Saturday, February 11, 2006

TOO LONG, MY BROTHERS AND SISTERS, TOO LONG

Communism and socialism have always been about oppression...it is only the true believers that haven't looked in the mirror and faced the reality of who the oppressors are. And here is a remarkable piece that pinpoints the precise moment in history that the revolution was mortally wounded by reality:
Given his own history, Khrushchev's speech was an act of great moral bravery and huge political recklessness. Speaking for nearly four hours, he stunned his listeners with a detailed and sweeping account of Stalin's mass arrests, deportations, torture and executions. Though the delegates were sworn to secrecy (and the speech remained unpublished in the USSR until 1988), the details soon leaked out, both in briefings to Soviet and satellite parties and, possibly at Khrushchev's own instigation, to the western media, including via John Rettie of Reuters, later of the Guardian.

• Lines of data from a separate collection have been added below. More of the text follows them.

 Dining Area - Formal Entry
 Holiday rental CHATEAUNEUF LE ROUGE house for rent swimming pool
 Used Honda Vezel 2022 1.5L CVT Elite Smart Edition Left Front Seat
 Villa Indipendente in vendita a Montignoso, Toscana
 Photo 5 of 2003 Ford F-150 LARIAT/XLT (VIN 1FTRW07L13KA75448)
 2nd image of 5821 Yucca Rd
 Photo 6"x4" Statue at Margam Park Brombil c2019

The truth caved in on us, is how one person in the audience graphically described the speech. But as Tony Judt points out in his magisterial Postwar, it is important not to overstate what Khrushchev was attempting. His aim, not surprisingly, was a controlled de-Stalinisation that kept the revolutionary myth and the Soviet system intact. All the faults of the Bolshevik experience were laid at Stalin's door alone. But in his characteristically impulsive way, Khrushchev placed the possibility of a reformed Soviet system on the agenda. For the next decade, indeed, it was still possible to believe in that outcome, and there were true believers who persuaded themselves that it could happen, even 30 years later in the Gorbachev years. Harold Wilson's "white heat of the technological revolution" speech in 1963 can only be properly understood in the context of his fear that Khrushchev's boast that the USSR would outproduce the US by 1970 was well-founded. But the larger reality, as his biographer William Taubman says, is that the system never recovered from the secret speech and nor did Khrushchev.

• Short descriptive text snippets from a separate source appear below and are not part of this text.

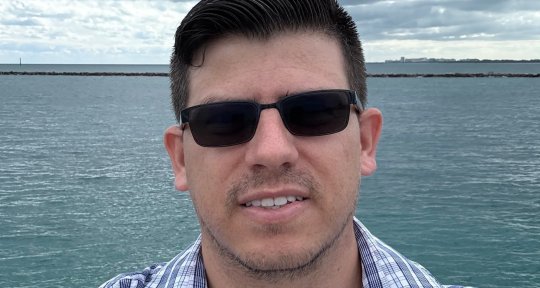 Songwriter | Composer SP/ EN - Edgar Cadena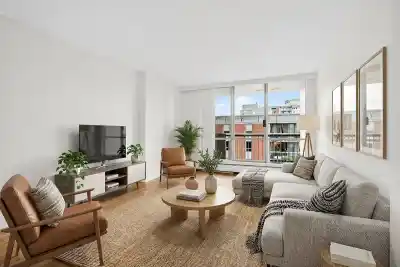 1306 2016 FULLERTON AVENUE, North Vancouver BC V7P 3E6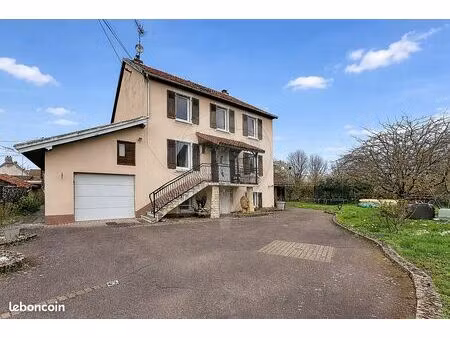 maison 8 pièces 163 m²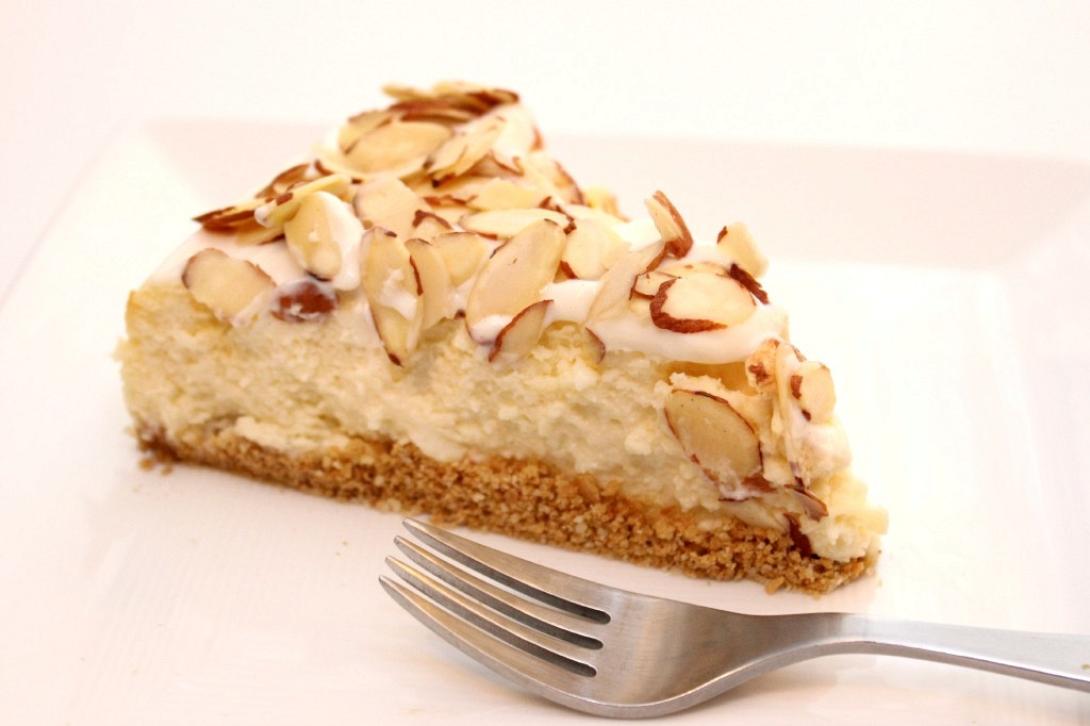 Τούρτα μπισκότου με αμύγδαλα και πορτοκάλι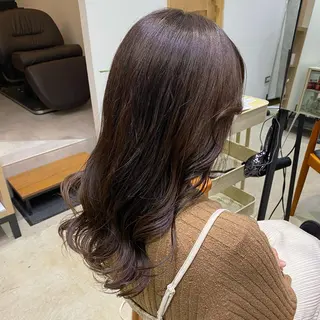 ロング fumi🪞血色感 アップ艶カラーのヘアスタイル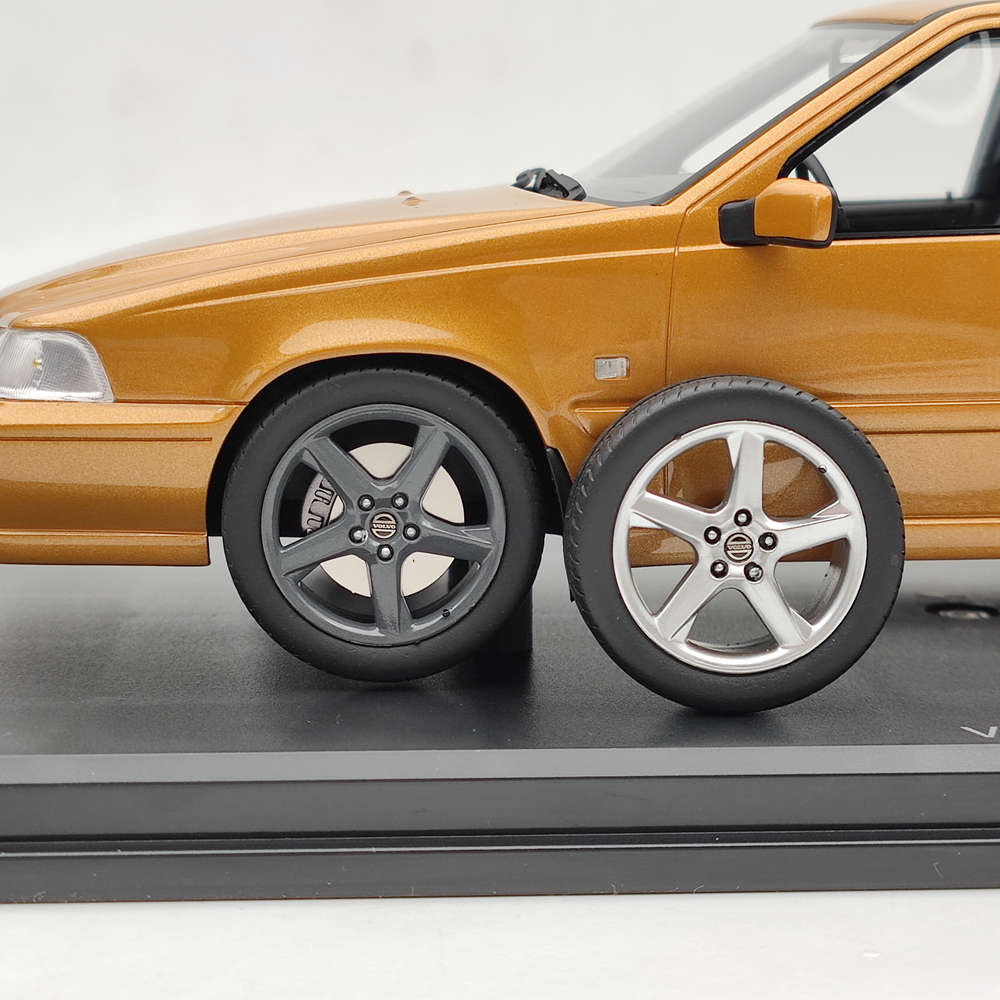 1/18 Scale 1998 Volvo V70 R P80 Resin Model Car - Limited Edition Collectible Toy Gift for Car Enthusiasts | Perfect for Display, Home Decor, and Gifts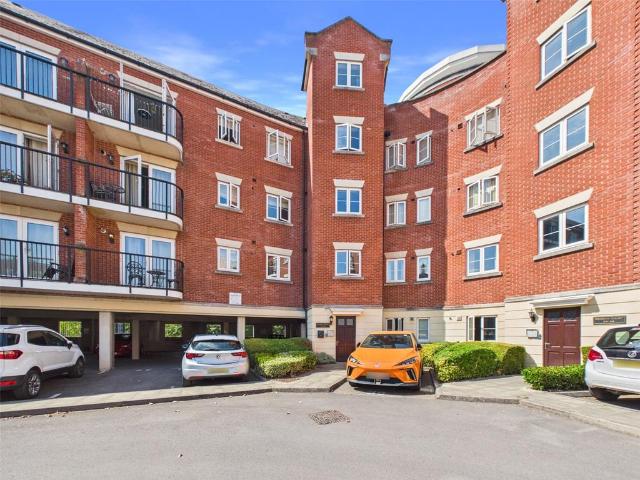 Flat for sale in Wymans Brook, Golden Valley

The most immediate reason for this, especially outside Russia, was the suppression of the Hungarian democratic revolution in November 1956. From that moment on, communism was irrevocably more about oppression than liberation.

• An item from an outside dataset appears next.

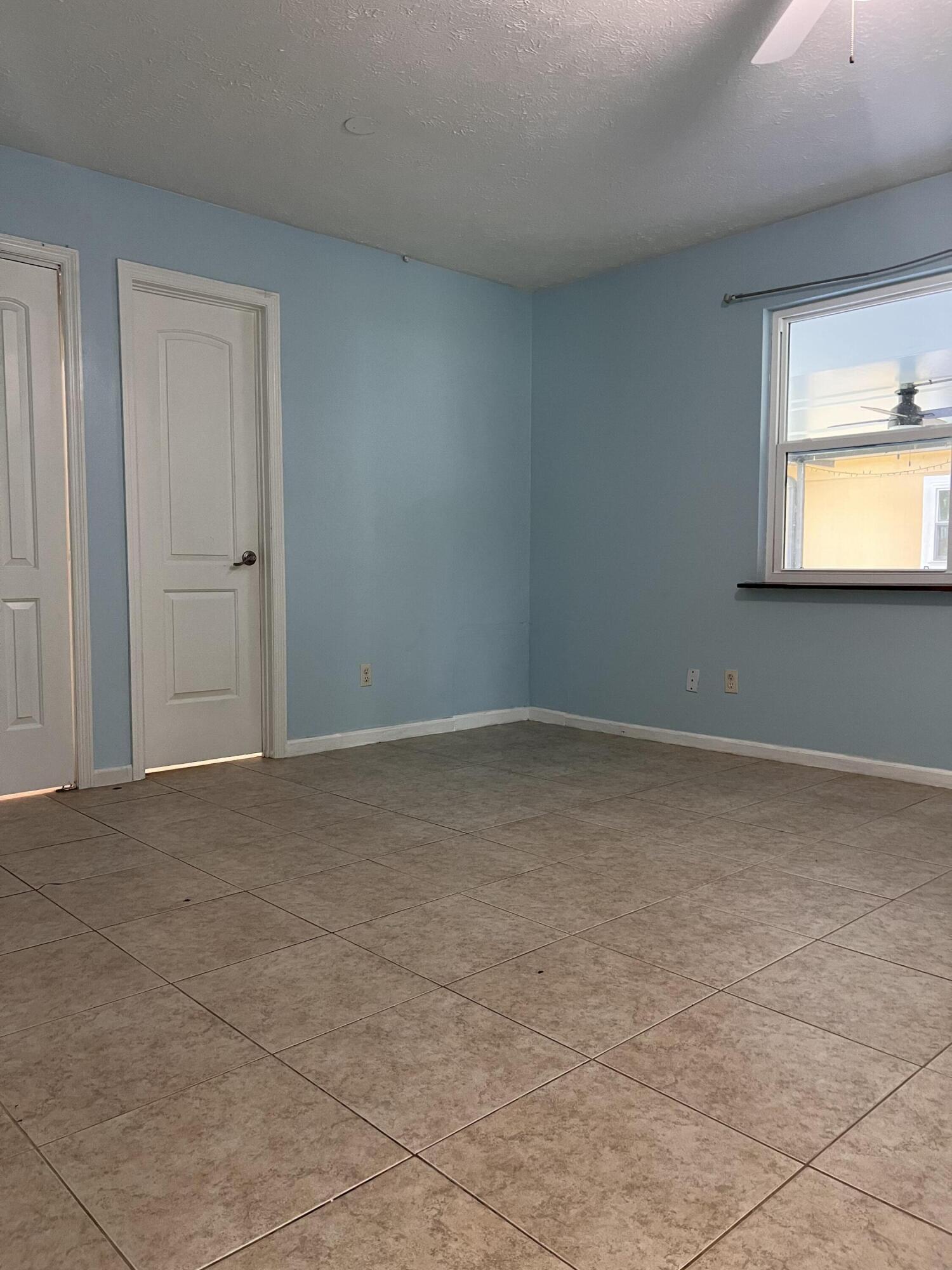 PORT ST LUCIE SECTION 13 - Residential Lease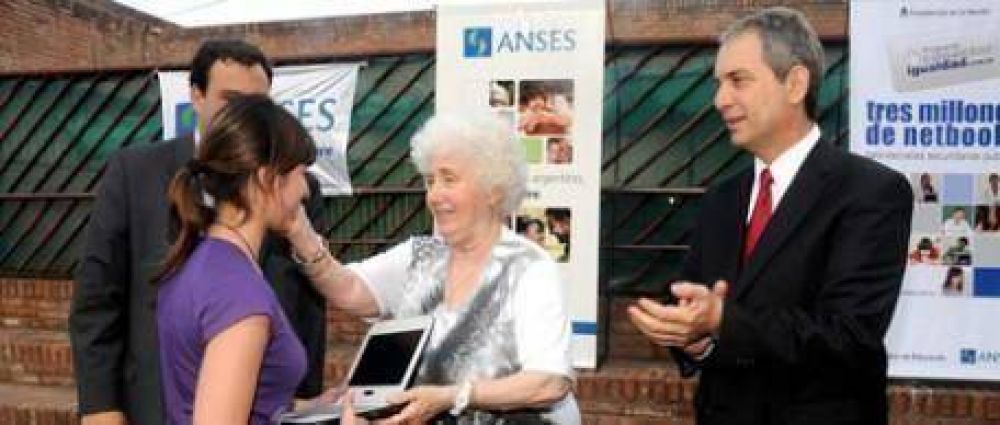 La madre de Cristina entreg� netbooks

Read it all. Even a mortally wounded beast can still be very dangerous. And the remnants of those sick ideologies are still around to spread their poison in the world. They and their camp followers remain threats in the world and no longer desire or expect a utopian paradise. The modern adherents know full well that their ideology oppresses, kills and causes untold human misery. They don't care anymore about that. They are filled with envy, hatred and an unrivaled animosity toward the system of human interaction that has demonstrated its superiority to their holy religion.

Their new goal in life is to undermine the west in any way possible. That is why you will find them in leadership positions for all the victimhood cults that promote identity politics; and why you will find them supporting the dictators and tyrants of the world regardless of race, religion, or creed. That is why they enable radical Islam. The enemy of their enemy remains their friend because it is so delightful to share the hatred.

Those who still capable of believing in the Marxist religion will always be equal-opportunity haters of freedom, democracy and individualism; and the mortal enemies of humanity.

The essay concludes with this astonishing paragraph:
But the cold-war syllogism lives on today in a new guise. Too many haters of capitalism and the United States still cram everything into the frame of untruth and self-deception that says my enemy's enemy is still my friend because, even if he blows up my family on the tube, murders my colleagues on the bus or threatens to behead me for publishing a drawing, he is still at war with Bush, Blair and Berlusconi. It is 50 years this month since that simplistic view of the world lost whatever moral purchase it may once have had. It is time such thinking was, to choose a sadly appropriate word, purged. Too long, my brothers and my sisters, too long.


Communism and socialism have always been about oppression. It is only the true believers and the many useful idiots of the west who have failed to notice.

UPDATE: And speaking of useful idiots, Alexandra at All Things Beautiful takes them to task. I hope they are listening, but I am doubtful they are willing to look in the mirror she provides.